New from Jeff York on The Establishing Shot: “THE AUTOMAT” WARMS THE SOUL LIKE A GREAT CUP OF JOE

At first blush, the topic of a once-great food franchise from a bygone era may seem like an odd choice for a theatrically-released documentary, but THE AUTOMAT is wholly worthy of such attention. Automats were commissary-style restaurants popularized in the early part of the 20th century where a nickel could get you a cup of Joe or a ham sandwich or a slice of apple pie, all provided through self-serve kiosks. At one time, the Horn and Hardart company owned 40 of them in New York City alone, and such a cultural touchstone is why filmmakers Lisa Hurwitz and Michael Levine were drawn to the topic. Their film is nostalgic, for sure, but it is also a gentle nudging of society to embrace the feeling of connection such ‘restaurants’ once provided, an inviting place inhabited by the rich and poor alike.

Wisely, director Hurwitz and writer Levine have done their homework and their documentary is chock full of photographs, film, and testimonials about the automats that entrepreneurs Joseph Horn and Frank Hardart founded in 1902. The film vividly describes the entire gestalt of their enterprise, from how the food was made to its transportation all over the cities of New York and Philadelphia to the details of their ledgers. The photo collection that plays across the screen alone would make Ken Burns blush, but the film also employs several A-list celebrities to talk of their fond experiences. The range of famed fans includes Mel Brooks, Colin Powell, Ruth Bader Ginsburg, and former Philly mayor Wilson Goode.
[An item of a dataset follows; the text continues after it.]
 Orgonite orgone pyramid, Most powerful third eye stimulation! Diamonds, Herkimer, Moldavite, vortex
Each talks vividly about their experiences there and what they liked to eat. Their anecdotes are as delicious as all the foodie talk. Mel Brooks, in particular, has a lot to contribute, both funny and sweet. He even wrote a song about the automat that plays with him singing in the sound studio over the closing credits.
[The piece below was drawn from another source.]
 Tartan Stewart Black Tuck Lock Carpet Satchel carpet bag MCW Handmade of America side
Many employees and executives who are still alive contribute to the oral history as well, and their witnessing of history makes THE AUTOMAT all the more enthralling. They describe all kinds of behind-the-scenes details, often humorous, like how the commissary’s famous coffee and cream trickled out of the dolphin-shaped spigots. Charming doesn’t begin to describe all the accouterments on display in the automats.  

Yet, as interesting as all the testimony is, including Elliott Gould relating how Horn and Hardart were so successful with their automats that they created stores that sold their restaurant’s beloved items as take-out, and H & H even sponsored a children’s talent show on TV, the story of the automat as the rise and fall of a business brand is the most fascinating.
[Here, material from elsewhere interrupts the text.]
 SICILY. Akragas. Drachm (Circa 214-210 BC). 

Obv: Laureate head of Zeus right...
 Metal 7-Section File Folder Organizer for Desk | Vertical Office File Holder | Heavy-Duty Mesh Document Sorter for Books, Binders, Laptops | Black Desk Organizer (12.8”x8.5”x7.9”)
Horn and Hardart were geniuses when it came to creating a way to provide good food fast to the masses and make enormous profits off of their efforts. Their playbook inspired every fast food outlet from Burger King to Starbucks, and the latter’s Howard Schultze even waxes sentimental on camera about how the automat affected him as both a child consumer and CEO running a similar business. 

Indeed, Schultze wanted his coffee shops to have the same sense of community, variety, and ‘sense of theater’ that Horn and Hardart’s automats had. In a way, his franchises are the closest thing we have to those automats today, becoming a cultural touchstone and communal gathering place, not to mention an integral part of the American vernacular. Schultze also borrowed Horn and Hardart’s penchant for cleanliness, promising the consumer a comfortable space that was practically pristine. 

The fall of Horn and Hardart’s automats makes for the final act in the doc and it’s a sad but obvious chapter in the tale. The automats couldn’t compete with rising food prices, fast-food joints being built on every corner and the exodus of the city populations to the ‘burbs. By the mid-sixties, Horn and Hardart’s automats were struggling and the film doesn’t shy away from talking turkey about all that went wrong. Still, even the darker parts of the narrative serve as a sort of sweet mourning, underlining how the automats couldn’t survive in a colder and bigger competitive set.  

THE AUTOMAT is an engaging documentary, a warm trip down memory lane, and an excellent lesson on brand-building. At one time, Horn and Hardart’s automats fed 10% of Philadelphia daily, and they did it with a good product, a fair price, and an experience that wholly enveloped the consumer. How many products, brands, restaurants, or companies can claim such these days? It would behoove filmgoers to see THE AUTOMAT, of course, but it would also be wise for business schools to make the documentary required viewing for their students.